[From OPERA, December 2014, pp. 1572-3]
At a time
when Haydn seems increasingly sidelined in the concert hall—at least in
Britain, where not a single work of his was programmed in the 2014 BBC Proms—we
should welcome any opportunity to hear one of his 15 operas. It’s just a shame,
then, that despite ETO’s best (and arguably slightly excessive) efforts, his Il
mondo della luna proved so forgettable on the first night of the company’s
autumn season. There’s plenty of charming music, of course, the Act 2 finale in
particular, but it does nothing to flesh out the entirely conventional
characters of Carlo Goldoni’s libretto, two of which, including the castrato
role of Ernesto, had in any case been quietly excised from ETO’s show
(performed in James Conway’s witty translation). It’s also a work that betrays the
circumstances of its commission in every bar: as a jolly entertainment composed
to celebrate an Esterházy family wedding in 1777, it’s a comedy that’s all
molar and no incisor.
Perhaps
acknowledging its deficiencies, the company had engaged Cal McCrystal (whose
credits include being Physical Comedy Director for the National Theatre’s One
Man, Two Guvnors) to squeeze the laughs out of the material—and then pile
on plenty more on top. As such, with a cast giving its all, and attractive
designs by takis—a Baroque garden that gave much scope for visual gags, and
which was draped in white for the ‘moon’ in Act 3, plus lots of imaginative
lunar costumes—there was no denying that there was a full evening’s worth of
clowning around, even if, by the second half at least, I’d started to feel
immune.
The whole
thing would have been a lot less convincing, however, had it not been delivered
by singers so clearly having a great deal of fun, right from an
introduction—containing an account of the action, as well as gentle mocking of
the cast—by the tenor Ronan Busfield. He also bore a great deal of the comic
burden as the servant Cecco, which drew attention away from some eminently
decent singing. As his boss, the quack astronomer Ecclitico, Christopher Turner
sang and acted with relish. Andrew Slater brought easy volume and plenty of
comic bluster to the duped Buonafede.
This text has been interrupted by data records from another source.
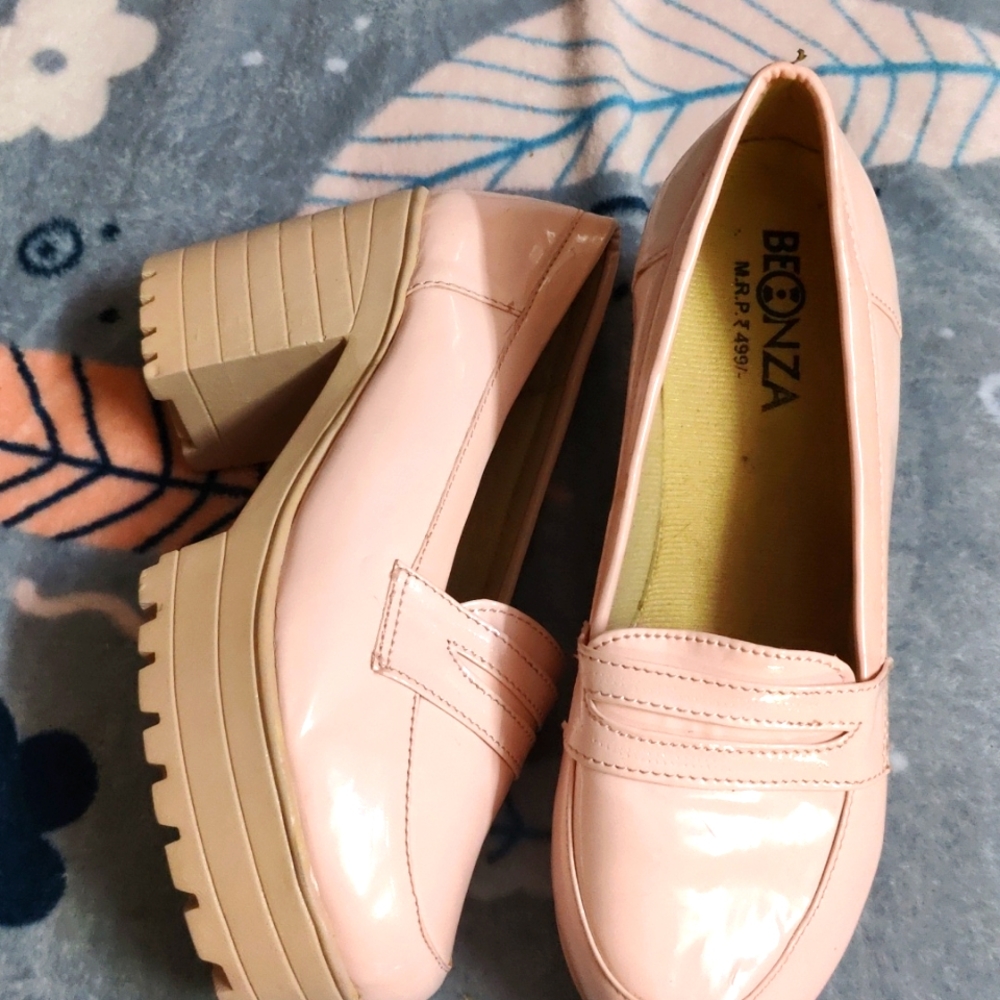 Peach heels - Picture 1 of 5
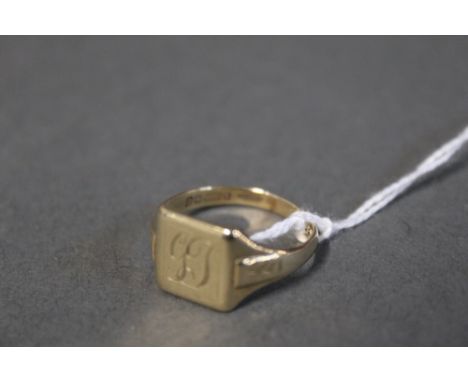 9 ct gold square signet ring, weight 4 grams, size W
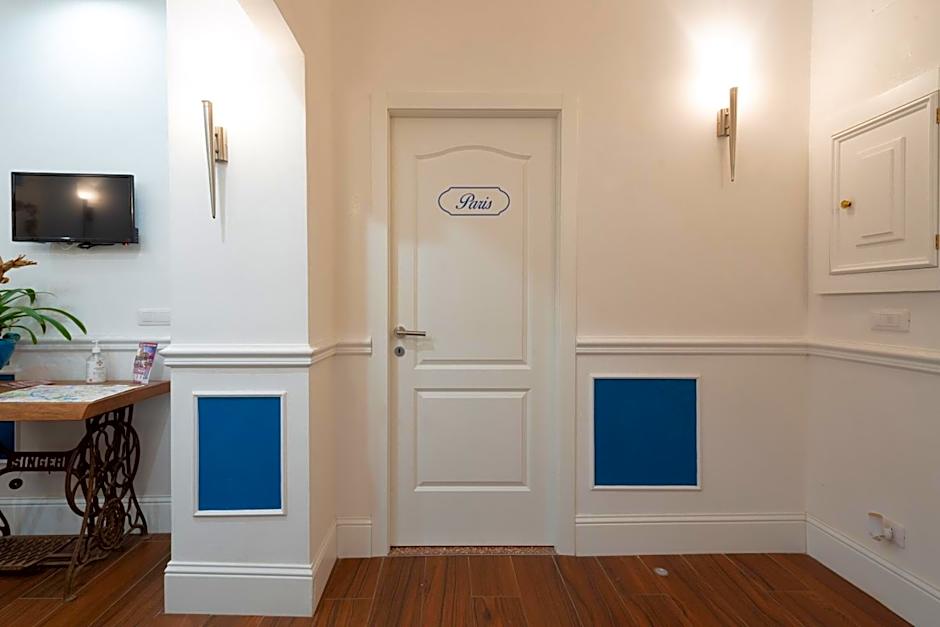 Capital Rooms
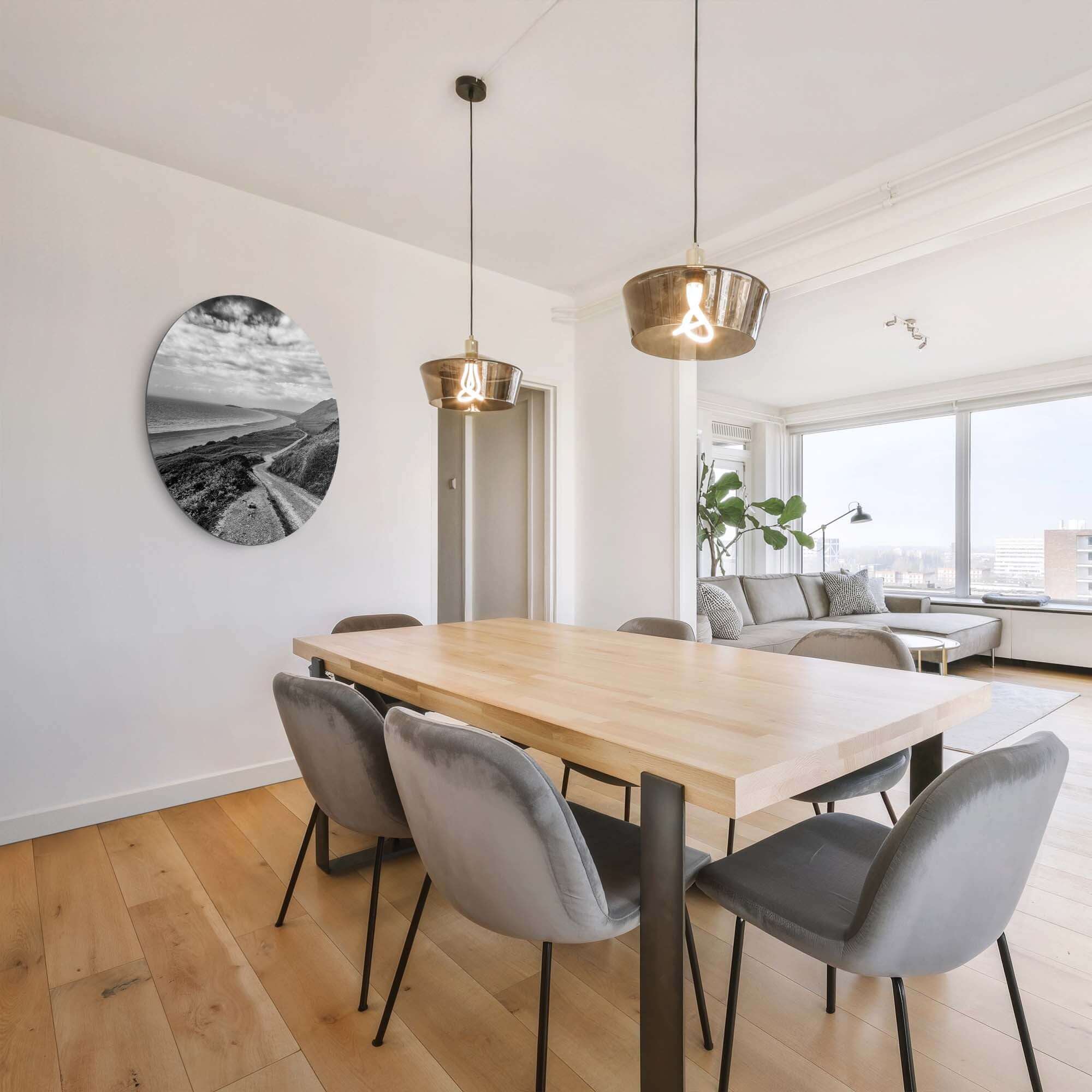 Coastal Path - Muurcirkel, zwart-wit muurcirkel die kustpad, zee en horizon toont, perfect voor woonkamer of eethoek. Muurcirkels decoratie.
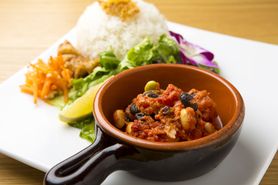 鯖とミックスビーンのトマト煮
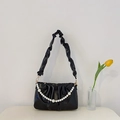 Minimalistische schwarze Plissee-Schultertasche mit Perlenkette und Raffung - Schwarz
Jane Harrington, as Clarice (the two
daughters for Buonafede in the original were here amalgamated into one) didn’t
quite have the agility for all of Haydn’s demands, but sang with spirit, as did
Martha Jones as Lisetta, Buonafede’s predictably spunky maid.
Christopher
Bucknall managed to highlight some of the score’s delights, which mainly
featured the mellifluous wind soloists of the period-instrument Old Street
Band; the string playing was occasionally a little raw, but buoyant and lively.